The issue price | IC Insider computes that the stock carries a value around 10 times 2013 earnings, based on the assumption that trading activity continues for the rest of the year at the rate experienced in June. For the 12 months to December last year, profit of $93 million was reported but that figure included revenue from the sale of a board seat to Proven Wealth Management for $60 million, as well as large fee income from the purchase of Lascelles’ shares that were acquired by Campari last year and to a lesser degree the shares traded when Capital & Credit was acquired.

Existing capital | There are currently 112,200,000 (formerly 28 million) ordinary shares in issue and the new shares will bring the issued capital to 140 million units.  The shares have a book value of $5.52 but earnings per share based on 2012 profit will be just over $0.83 and that figure is inflated by the non-recurring income mentioned above.

jse_logo150x150Profit after tax amounted to $5.8 million compared to a loss of $6.1 million in 2012. For the quarter ending March, the JSE’s income rose 8 percent to reach $69.5m compared to $64.4m in 2012. Other Operating Income increased by $5.5m or 32% over the same period, primarily due to an increase of $5.3 million in revenue from the JSE regional conference. Investment income of $22 million jumped $14 million over 2012 due largely to the gains on US dollar investments as a result of devaluation of the Jamaican dollar.

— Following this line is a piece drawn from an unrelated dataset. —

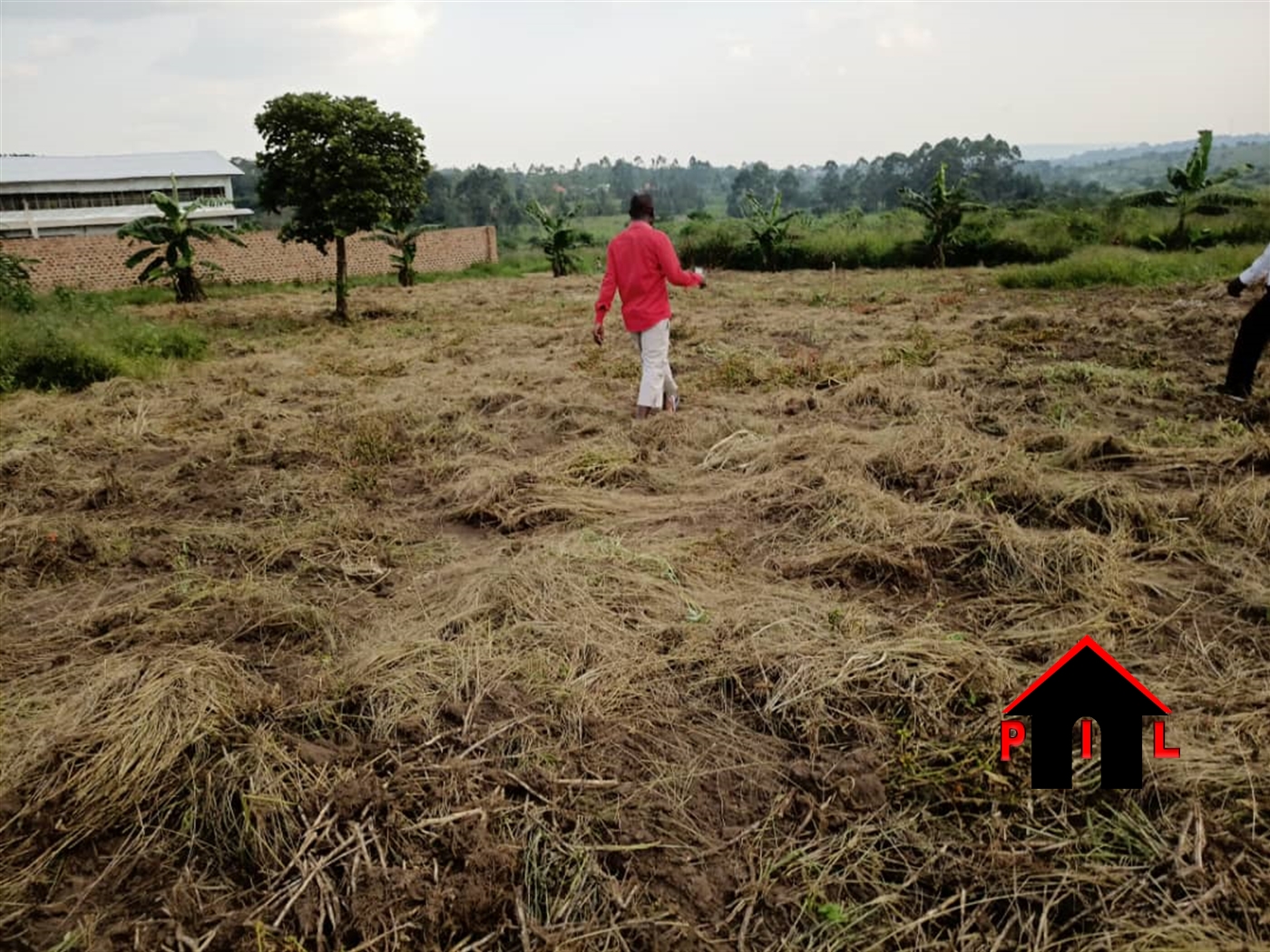 Agricultural Land for sale in Ngogolo Luweero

Positives | The number of shares to be issued is relative small but shareholding is limited to 10 percent of issued shares. The preference shares which was a debt instrument was repaid and these funds replace the amounts paid out. The stock market is not at its most buoyant but with interest rates having declined below ten percent and government slashing the fiscal deficit, rates could go lower. This development ultimately makes stock market investments more attractive and drive up trading volumes and therefore fee income for the exchange. The stock exchange plans for more instruments to be traded on the exchange but there are no imminent new listings that are known. The stock exchange is showing signs of greater activity this year but it has not reached a level to ensure that the JSE makes an operating profit. The JSE will benefit from listing fee income if the value of shares rise, as the annual listing fees are tied to the value of each company’s shares that are outstanding at the start of each year.

Negatives | The number of shares to be issued will not ensure a good level of liquidity for the stock, which will keep bigger investors away. There are no rules preventing existing shareholders from selling their holdings in partially or in full thus increasing the volume that could become available to the wider public. Short term profit prospects are not exciting suggesting that the stock is not very attractively priced relative to the rest of the market. The company has an oversized board of 19, resulting in an unnecessary waste of funds and an unwieldy structure that makes it more difficult to properly run board meetings and by extension, the company.

Revenues | The Company derives its revenue from a range of sources including the JSE cess, calculated on the value of each market transaction, fees charged for listing companies at the initial stage, annually, as well as any supplementary listings, membership, transactions, the registrar and trustee fees paid to its subsidiary company JCSD, amongst others, income generated from the provision of conferences, seminars and the e-Campus. The JSE has recently entered into a Memorandum of Understanding with the Bank of Jamaica to work towards the development of a fixed income trading platform for Government of Jamaica securities and corporate bonds. It is also conducting research into the development of exchange-traded products and other exchange-related products.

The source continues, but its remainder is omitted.